Channel length was 3.5 mm and depth was 60 microns. They chose 3 different sizes of microspheres depicting yeast cells and red/white cells. Particle motion was modeled and various forces involved (electrophoretic force, EO force, DEP force) were discussed. Boundary conditions for solving Laplace equation and Navier Stokes equation along with equations which can be seen in COMSOL are highlighted and discussed.

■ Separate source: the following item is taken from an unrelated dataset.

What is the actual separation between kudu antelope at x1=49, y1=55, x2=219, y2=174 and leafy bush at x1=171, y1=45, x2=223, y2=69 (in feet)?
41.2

They reported threshold voltages for 10 and 15 micron particles to be 120 and 85V. For voltages above threshold, the particles were transported to the upper channel. For studying size dependence separation of particles, they chose two different sizes at a time. At 85V and 120V they achieved separation between 5 and 15 microns and 10 and 15 micron particles. By using combined DC and AC field, they could reduce the threshold voltage required for separation significantly.
Review of each sections:
Introduction:
1. Well presented introduction with good references
2. Discussed particle manipulation and separation techniques like FFF, optical tweezers, FACS, EP, and DEP
3. DEP based techniques classified into conventional DEP, traveling wave DEP, moving DEP and iDEP
4. Commercially available microfluidic H filter fails to separate large sized particles such as cells
Materials and Methods:
1. Fabrication by standard photolithography techniques
2. Bonding of glass slide and PDMS by oxygen plasma treatment
a. Hydrophobicity and surface charges of PDMS channel walls changes with time.
b. Bonded channel left overnight to obtain stable operation conditions
i. Decreases zeta potential and particle EP is stronger than the fluid EOF during operation
3. Concentration of particles in DI water 107/ml.
4. Only one representative particle was selected for plotting particle trajectory using Image processing software (ImagePro plus)
a. How did they select only one particle from so many particles?
b. How did they track the movement?
c. Did they tag just that particle?
d. Should we adopt the procedure in our lab?
Modeling of particle’s motion:
1. They assumed negligible joule heating, but there length of channel was 3.5 mm and voltage they applied was around 120V => 345 V/cm
a. Will joule heating be significant?
2. Well discussed equations
3. Boundary condition table well represented
a. What will be the BC for inlet in the Navier Stokes equation
4. How did they estimate the thickness of EDL and hydraulic diameter of microfluidic channel?
5. What does grid-independent study mean?
Results and Discussion:
Zeta potential of PDMS at room temperature= -23.5 mV
PBS density, viscosity and permittivity has to be known for our research
1. Effect of applied voltage:
a. By adjusting the voltage, particles are moved to lower or upper reservoir. This happens once the threshold voltage is reached.
b. They did not provide an voltage threshold for 5 micron particles
i. No evidence of experimentation on 5 micron particles
ii. Trajectory experiments only for 10 and 15 micron particles
2. Size-dependent separation of particles:
a. They tried to separate only two different sized particle even after choosing 3 different sizes for their experiment
b. Achieved separation at 85V for 15-5micron and 15-10 micron particle sizes. (243 V/cm)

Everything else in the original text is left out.